The annual Memorial Day weekend music festival draws some of the top names in electronic music from around the world for the three-day event that celebrates the history, and future, of techno music. This year Fatboy Slim and 69 (Carl Craig) are among the 105 scheduled acts.
Fotias, who grew up in Roseville and attended for grade school, has been in the electronic music scene since the early 1990s, when he started throwing underground parties and working with DJ Richie Hawtin.
In the late 1990s, he joined up with a couple of friends to form Paxahau. The company began as an Internet radio station and branched out to hosting parties and promoting club events.
In 2005, their labor of love took a turn, becoming a full-time profession when the previous electronic music festival producer approached Paxahau to take on planning for the underground stage at Hart Plaza.
"It was the first time in festival history that an outside promoter had been asked to produce an entire stage for the entire weekend," he said. "We booked the talent, dealt with all the production and brought our own aesthetics to the festival.
"We were able to book really big, great talent that was pretty significant at the time and completely blew the doors off that stage," he said.
The following year, Paxahau took over what was known then as the Detroit Electronic Music Festival, and in eight short weeks, they held their first festival.
"We were very fortunate to have a very strong team and strong support from volunteers and people who believed in the event to pull it off," Fotias said.
Previous festival directors who helped build the event were DJs who performed internationally. But Fotias and his colleagues were promoters, and were thus able to work throughout the year to plan and stage the event.
Fotias said the entire year is needed to secure and negotiate contracts and permits for parking, police and fire protection, permits for the temporary electrical grid, plan transportation and the many other components that go into planing a three-day music festival that features 12 hours of music a day on five stages.
“It is basically taking all of the nuts and bolts, all the different departments of the festival and then implementing them so they can be seamlessly executed on the festival grounds for load-in, show day and load-out," said Fotias, describing his job. "It is a pretty intense task."
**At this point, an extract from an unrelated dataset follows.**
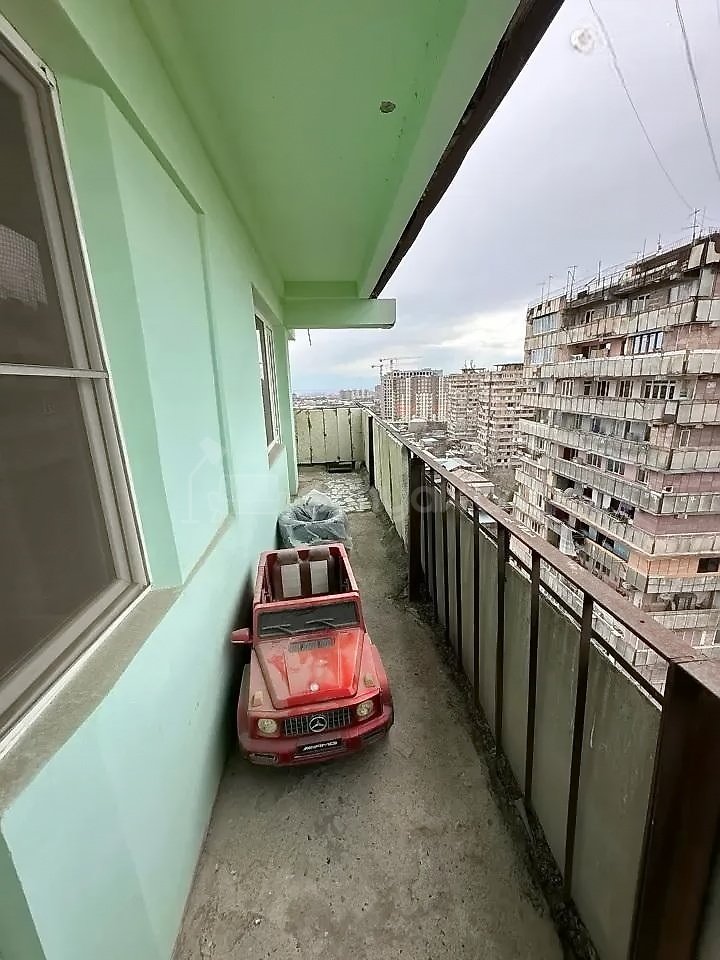 3 Սենյականոց Բնակարան, 80քմ, 11/14 հարկ, Կոսմետիկ Վերանորոգված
This year, in addition to the building some of the most technologically advanced stages, he has to deal with large crowds—which nearly hit maximum capacity for Hart Plaza last year during Plastikman's show— and the demolition work at Ford Auditorium, which has encroached upon the staging area.
The festival has a commitment to Detroit, Fotias said. "This festival is about celebrating a genre of music that was created here," he said.
In the coming year, Paxahau will be producing the Detroit Jazz Festival and preparing for the 2012 Movement show.
Fotias said his schedule will be pretty hectic in the coming days and it will keep him from his home in the Shores. Living here is like living in a "vacation town" with its laid-back vibe and recreational activities, he said. It's a far different vibe from what he'll be doing at Hart Plaza this weekend.
"When I am up in a scissor lift at 9 or 10 o'clock at night when the festival is full rage, and watching the kids run back and forth .... that is the most fulfilling part for me," Fotias said.